Although an odd title, I believe that before a developer designs, it is important for him/her to mark the type of gamer they're after. Are you developing for the biggest profit? Casual gamers? Hardcore niche gamers? Morons? Veterans? Desperate Housewives? Horny Teenagers? Now before many of you reply "Oh oh oh! The horny teenager one!" in a desperate attempt for more in-game boob, please realize these are serious questions which I believe developers should ask themselves.
What I am actually curious about is "What type of gamer are you?". To answer this question, I believe there needs to be key categories and clear definitions rather than vague labels such as "Hardcore" or "Newb".
I please ask that any who reply in this thread, regardless of their answers, be treated with respect and no judgement on their lives.
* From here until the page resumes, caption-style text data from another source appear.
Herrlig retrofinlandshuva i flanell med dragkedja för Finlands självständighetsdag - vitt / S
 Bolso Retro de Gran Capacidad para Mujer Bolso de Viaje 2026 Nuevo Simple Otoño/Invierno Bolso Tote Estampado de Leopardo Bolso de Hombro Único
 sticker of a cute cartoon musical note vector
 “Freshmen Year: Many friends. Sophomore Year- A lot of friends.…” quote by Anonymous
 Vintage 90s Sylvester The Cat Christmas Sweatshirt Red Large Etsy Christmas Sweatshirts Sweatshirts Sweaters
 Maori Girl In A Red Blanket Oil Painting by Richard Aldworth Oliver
As many of you may be unaware that the "no-life nerds" who make up some of the more hardcore MMORPGers may in fact be disabled humans who, against their wishes, have so much free time that MMO's become their "life". I personally know of several friends who are physically disabled and bed-ridden, and MMO's are a life-saver socially and to cure the inevitable boredom. Thank you, and now on you "Who are you?" section!
***CATEGORIES***
TIME PLAYED
Is this game your weekend hobby, your daily relaxer, or your life? How often do you play? How long is each "session" of play? Arguably this can often set our definitions of "Casual Gamer" vs "Hardcore Player". Whether a lazy teen playing out of boredom or a busy adult with a static hobby, I believe that a developer should ask himself if he is going to cater towards those who only have an hour a session to play, how long a "session" will take, or if the game is designed for those fortunate or unfortunate enough to make a MMO their "life"--- or both!
GAMEPLAY TYPE
What type of gameplay do you enjoy? PvP, PvE, or both? Is Crafting/Trade, Exploring, or Travel important to you? What type of PvE, PvP? Which is most important?
PLAYER HATE
Don't hate the player, hate the game. What destroys your fun or immersion the most? Player Griefing? Lack of FFA PvP? Instancing? Too much PvP? The scary, icky, yucky (teehee) idea of PERMADEATH? The simple fact you can't cause permadeath on the 13 year old harassing you? Voice Acting Storylines featuring Jedi where your decisions don't actually matter? I believe it is important for a developer, when designing, to focus on areas of hatred and frustration just as much as it is to focus on the type of gameplay or casual/hardcore stance. It is quite clear that a game like Darkfall caters to a different audience than say, Vanguard, which caters to a different audience than say, WoW.
SUMMARY- THE PLAYERBASE
I have to cut this short, my apologies, but all of these categories (and much, much more I couldn't get into or additional categories to do) make up the PLAYER type the developer wishes to cater towards. In my opinion, shooting for the maximum profit is a big loss and a primary reason most new MMO's fail as "WoW clones". Simply put, the PLAYERBASE needs to be specific. Once this is determined, however broad or niche-- the budget can THEN be assigned based on the estimated playerbase. Nothing is here to stop a permadeath hardcore MMO only for the lifeless to appear AAA quality. Its budget would just be very small compared to a MMO wishing to steal the WoW playerbase. Profit is profit, and a game cheaply made can cater to a smaller audience in a much more profitable manner than a horrendously over-expensive game catered toward an audience so big it parasites and leaves after the first free month, leaving the company to QQ as it screams "WHY DIDNT WE PROFIT?!!?!?!"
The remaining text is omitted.